Some certainly are. Some people I have a great deal
of respect for, like Bruce Cockburn, claim to have
had a very personal relationship with Jesus. And who
am I to say that they haven't? When it comes to this 
stuff, my position is that I Just Don't Know. 

> But the conviction that a historical person can have a 
> relationship with you, beyond their use as an inspirational 
> force, is really intriguing to me. It is taken for granted 
> in society as if it is the most natural thing in the world.  

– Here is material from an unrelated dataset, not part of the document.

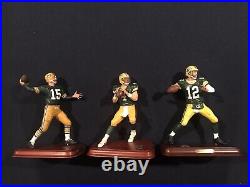 Green Bay Packers Danbury Mint Quarterback Sculptures Starr Favre Rodgers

And not just with Jesus or other spiritual figures.
People think nothing of saying that they have an
ongoing relationship with their dead grandmother
or uncle. 

Within Christianity, I think a lot of this belief
comes from why they like Jesus in the first place.
Jesus transcended death, and retained his individ-
uality while doing so. It's every ego's dream. So 
naturally one would *want* to believe that the egos
of other loved ones in one's own family could also
survive death with their individuality intact; if
they can, then so can you, right? It's a very ego-
stroking mythos.

It's a little more difficult for me to understand
in Eastern spiritual traditions, ones that tend to
center on the *dissolution* of the ego or small s
self or whatever you want to call it as a Good 
Thing. I've known monks whose whole *life* is about
trying to dissolve their own egos, *and yet* they
believe that their teacher, whom they consider
fully enlightened, didn't transcend his own ego
enough to attain formlessness when he died. They
not only persist in thinking of him as if he still
had individuality, some claim to be in touch with
him daily in an individual form. 

Maybe it's all much more simple than we think. Maybe
as humans we just tend to find physical forms (or
even the thought of physical forms) easier to identify
with and gain inspiration from than we do the formless.
It's kinda tough to develop a touchy-feely relationship
with the Void. So we personify the Void and have a 
touchy-feely relationship with that.